School of Civil Engineering, Xi'an University of Architecture and Technology, Xi'an, 710055, People's Republic of China.
Key Laboratory of Geotechnical and Underground Space Engineering, Shaanxi Province/Xi'an University of Architecture and Technology, Xi'an, 710055, People's Republic of China.
Sci Rep. 2023 Mar 13;13(1):4113. doi: 10.1038/s41598-023-31397-y.
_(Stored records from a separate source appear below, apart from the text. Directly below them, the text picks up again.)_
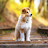 @user-jm16347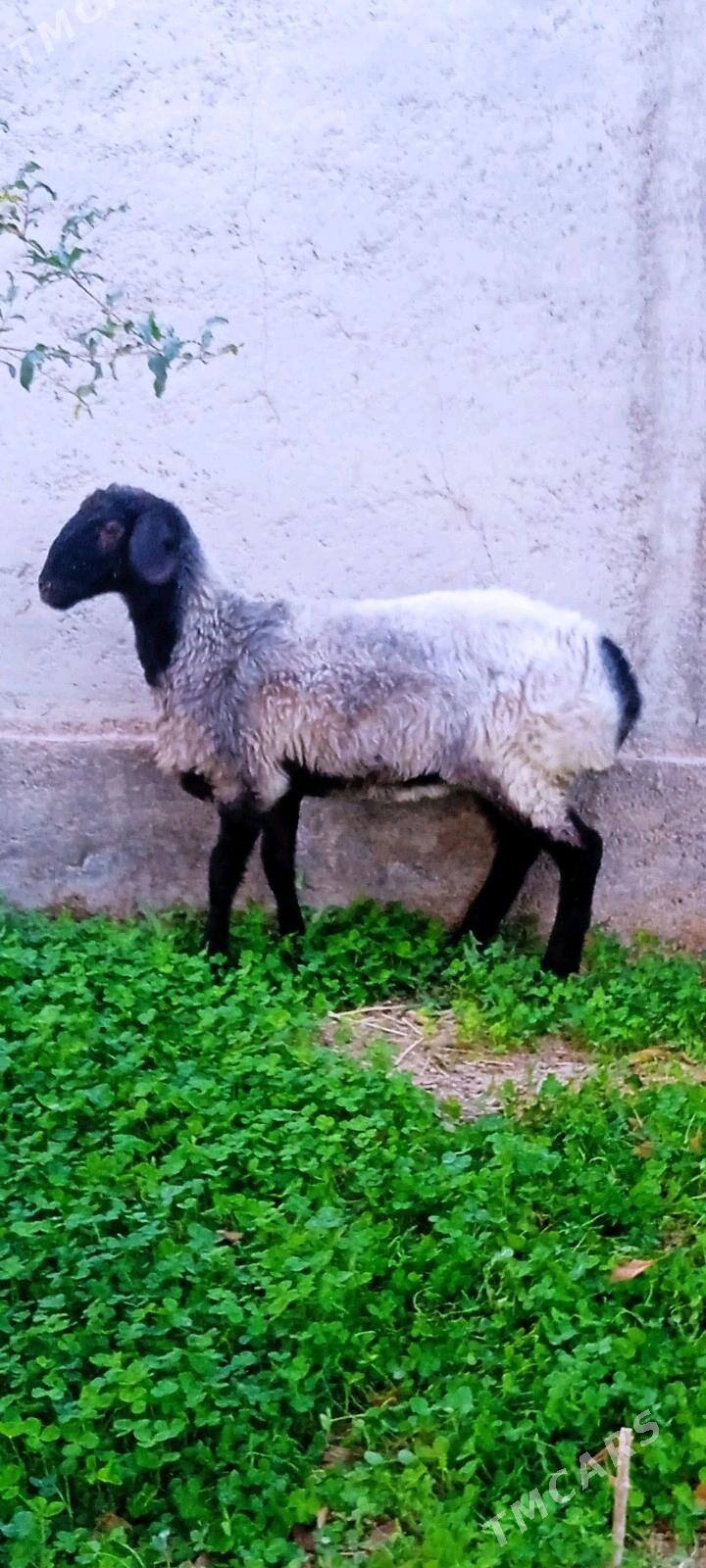 GOYUN - Ak bugdaý etraby - img 2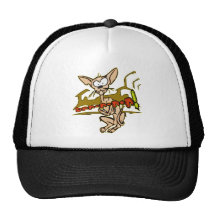 Gato fresco gorras de camionero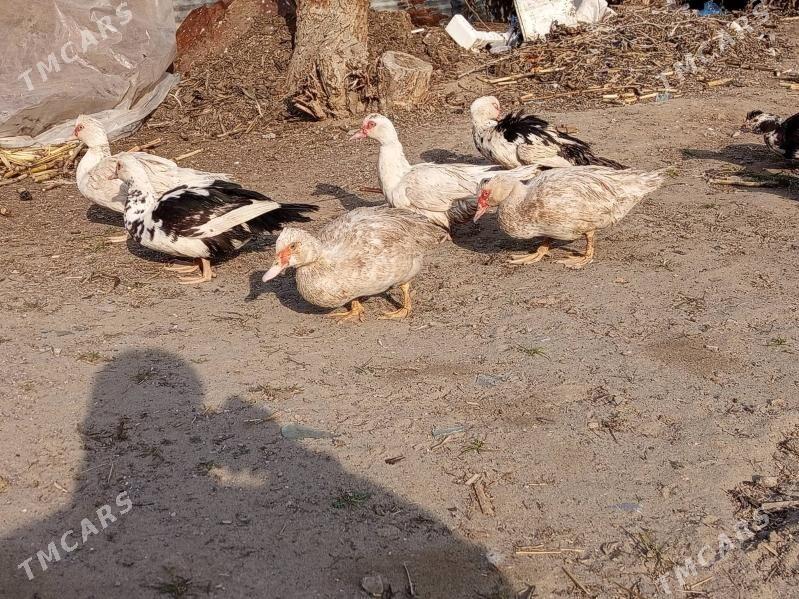 ORDEK - Бузмеин - img 1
Collapsibility and structural are two of the typical characteristics of natural undisturbed loess. It is of great significance to effectively simulate the collapsibility and structural of natural loess by preparing artificially loess. However, the existing methods of artificially preparing collapsible loess are complex, and the collapsibility of the prepared samples is difficult to control. In this paper, the collapsibility mechanism of loess was re-analyzed, and on this basis, a new method for preparing artificial collapsible loess using remolded loess, industrial salt, CaO particles and gypsum powder was proposed. The basic principle is: the CaO particles have structural strength and would transfer to Ca(OH) after soaking, this progress can simulate the disappearance of loess structural strength; The dissolution of industrial salt can simulate the collapse of loess internal pores, the collapsibility of artificial loess can be adjusted by adjusting the percentage of industrial salt; the gypsum powder can simulate the cementation of loess as a bonding material. The shear test, consolidation test and collapsibility test of artificially prepared loess and undisturbed loess were carried out. The test results of artificial loess were compared with undisturbed loess. The results show that: the plastic limit and liquid limit of the artificially prepared loess is smaller than that of the undisturbed loess; The optimal moisture content and maximum dry density are close to that of the undisturbed loess; The collapsibility coefficient of artificial prepared samples increases first and then decreases with the increase of load level, and gradually increases with the increase of industrial salt particle content; The structural parameters of artificially prepared loess samples first increase and then decrease with the shear process, but the structural parameters of artificial prepared loess and undisturbed loess are different under different confining pressure conditions.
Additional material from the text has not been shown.